Mahoning Approves Development Agreement with Port Authority
YOUNGSTOWN, Ohio – Mahoning County commissioners entered into an agreement empowering the Western Reserve Port Authority to receive, rehabilitate and market county-owned properties.
The agreement is similar to ones the port authority has with the cities of Warren and Youngstown.
“It’s a general memorandum of understanding that enables us to take abandoned or underutilized properties, make improvements to them and bring them back into productive use on behalf of the county,” Sarah Lown, WRPA’s public finance manager, said after the commissioners’ meeting Thursday morning. “It enables us to be more rapid in our response for property acquisition and negotiations and conduct those things that port authorities can do but general units of government cannot.”
The port authority serves as Mahoning County’s economic development arm, Commissioner Carol Rimedio-Righetti said.
“What we’re trying to do is build on the economic development in Mahoning County,” she said. “That would mean more jobs for the residents here.”

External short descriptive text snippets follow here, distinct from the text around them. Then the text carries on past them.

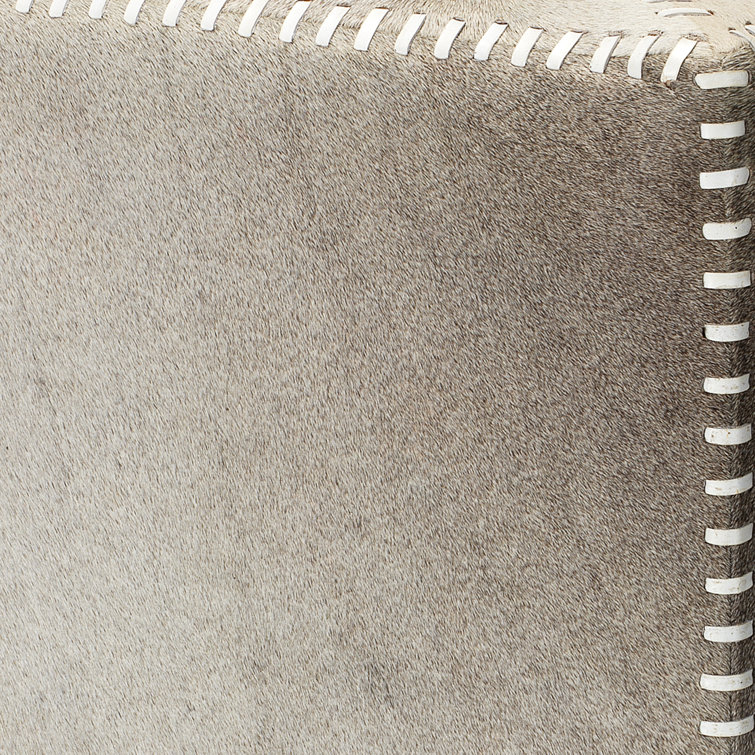 Cross Stitch Tufted Gray Hide Leather Cube Ottoman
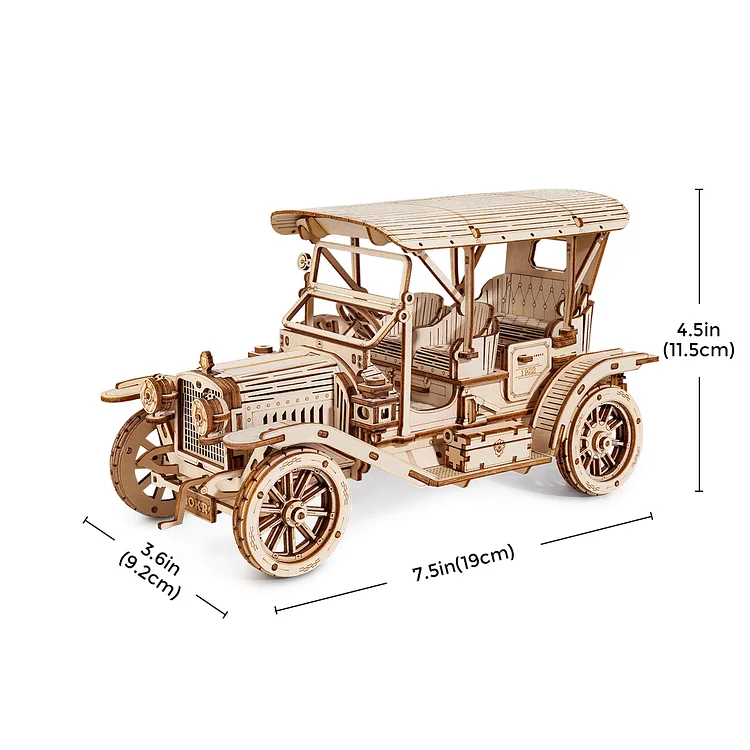 Robotime-ROKR Vintage Car 3D Wooden Puzzle - DIY Mechanical Model Kit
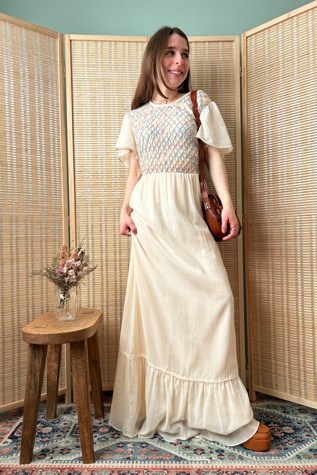 1970s Boho Cream Rainbow Flutter Sleeve Lace Trim Maxi Dress Selected by Two Vintage Twins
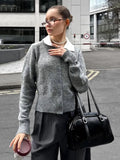 MQTIME  -  Casual O-neck Knitted Cardigan Women Slim Buttons Short Coat Female 2025 Autumn Winter Elastic Waist Solid Lady Soft Sweater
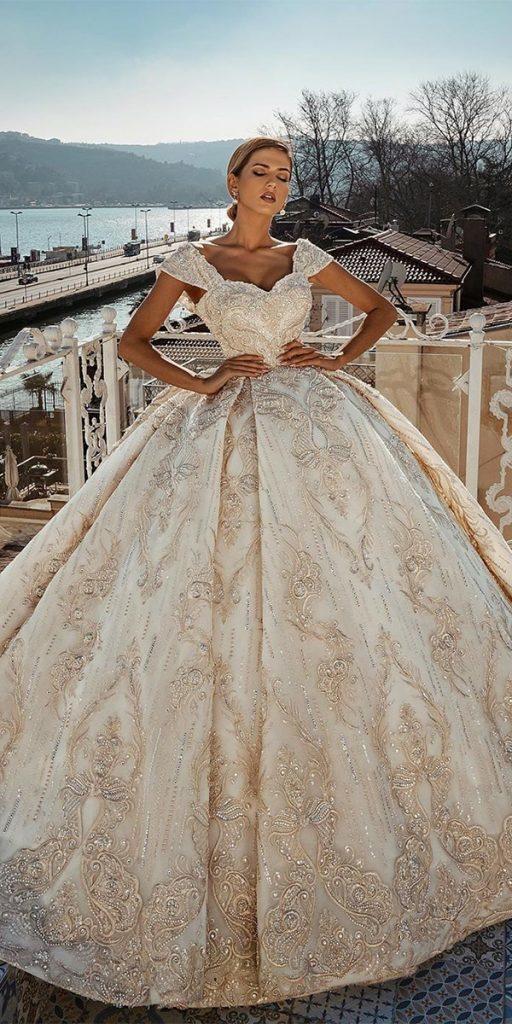 lace ball gown wedding dresses sweetheart neckline off the shoulder saidmhamadofficial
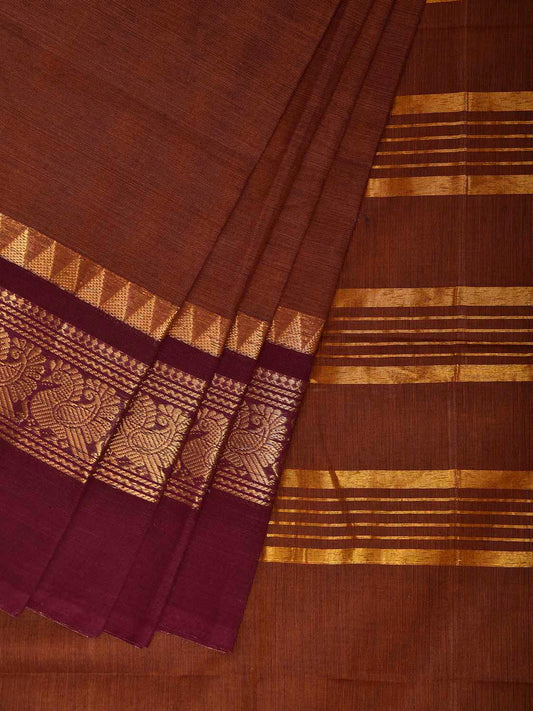 Rust and Maroon Kanchipuram Cotton Saree with Border Design No Blouse k1018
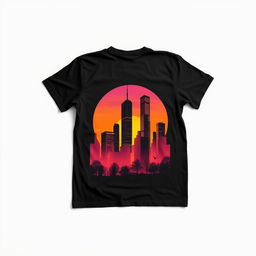 A stylish black t-shirt design featuring a large, intricate graphic on the back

Lown declined to specify individual properties that the county was interested in transferring to the port authority but said she expected such transfers to take place sometime in 2023.
Properties the port authority accepted and put back into use under the existing agreements with the two cities include the former Warren Scope Senior Center, where CharBenay’s Wine on the River now operates, and the former Mickey’s Army-Navy store building in downtown Warren, which houses several commercial and institutional tenants.
Also, Voyager Specialty Coffee & Teas took over two buildings on Mahoning Avenue in Youngstown for a manufacturing and distribution center and coffee house.